You can use the 3 systems of equations calculator by entering the three equations and pressing the submit button.

Following is a detailed explanation of the steps that are required to use the 3 systems of equations calculator.

### Step 1

Enter the three equations in the blocks titled Eqn 1, Eqn 2, and Eqn 3, respectively. The three variables used by default are $x$, $y$, and $z$ but the user can also use different variables. The equations by default are linear but the user can also find solutions for higher-order equations.

### Step 2

Enter the Submit button for the calculator to process the three input equations.

### Output

The output window shows the following blocks:

### Input

The input window shows the interpreted input of the calculator. From here, the user can check whether the entered equations are correct or incorrect. If the input is incorrect, the window displays “Not a valid input, please try again.”

### Alternate Forms

This window shows some of the alternate forms of the three equations by rearranging them for different variables on one side.

### Solutions

This window shows the obtained solutions from the three systems of equations. The solutions are the values of unknown variables in the equations.

The user can also click on “Need a step-by-step solution for this problem?” to view all the steps for the particular system of equations.

## Solved Examples

Following are some solved examples of the 3 Systems of equations calculator.

### Example 1

For the three system of equations:

$2x + y + z = 7$

$2x – y + 2z = 6$

$x – 2y + z = 0$

Find the values of $x$, $y$, and $z$.

### Solution

First, enter the three equations in the calculator’s input window. Press “Submit” for the calculator to show results.
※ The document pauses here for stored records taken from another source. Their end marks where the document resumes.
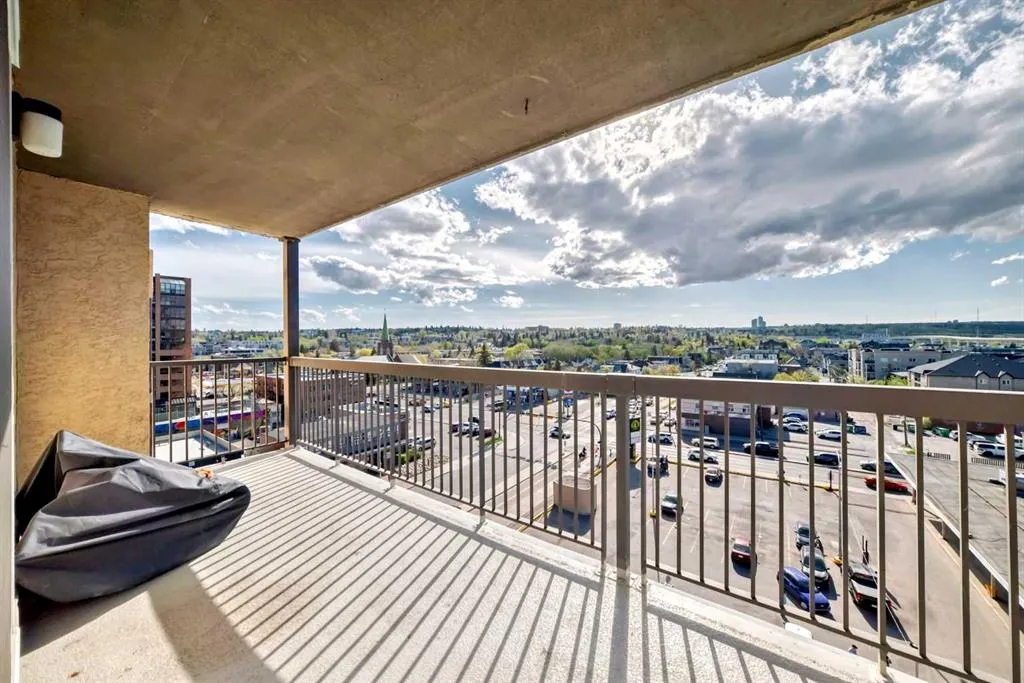 1334 12 Avenue SW, #808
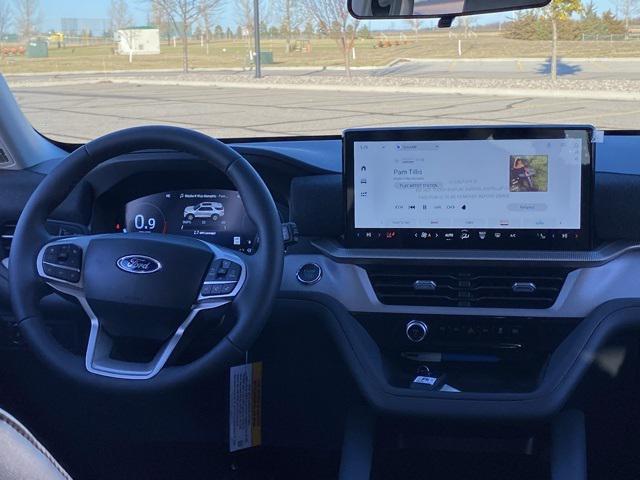 new 2025 Ford Explorer car, priced at $48,900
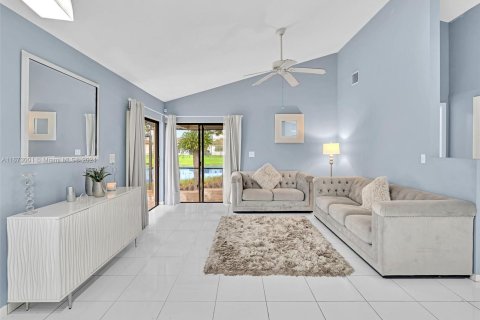 Villa ou maison à vendre à Pembroke Pines, Floride: 3 chambres, 131.55 m2 № 1395855 - photo 8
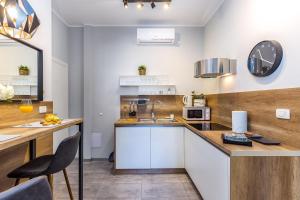 Number 1 Deluxe Apartments 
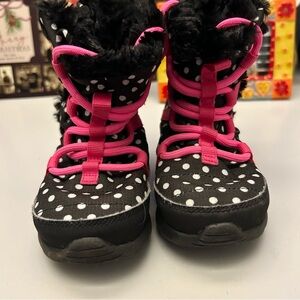 Nike Roshe One Hi Black Polka Dot Faux Fur Lined Winter Sneaker Boots Toddler 8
The calculator shows the input equations typed by the user, then it displays the solutions for $x$, $y$, and $z$ as follows:

$x = 1$

$y = 2$

$z = 3$

The calculator also gives the alternate forms of the three equations by rearranging them for the third variable z.

For equation 1:

$2x + y + z = 7$

$z = – 2x – y + 7$

For equation 2:

$2x – y + 2z = 6$

$2x + 2z = 6 + y$

Taking 2 as common from left-hand side:

$2 ( x + z ) = y + 6$

Dividing by 2 on both sides gives us:

$x + z = \frac{y}{2} + 3$

So:

$z = – x + \frac{y}{2} + 3$

For equation 3:

$x – 2y + z = 0$

Adding 2y on both sides gives us:

$x + z = 2y$

So the final value is:

$z = 2y – x$

### Example 2

For the three system of equations:

$3x – 2y + 4z = 35$

$-4x + y – 5z = -36$

$5x – 3y + 3z = 31$

Solve for $x$, $y$, and $z$.

### Solution

Enter the three equations in the input window and press “Submit” for the calculator to show its results, which are as follows:

First, the calculator shows the interpreted input equations.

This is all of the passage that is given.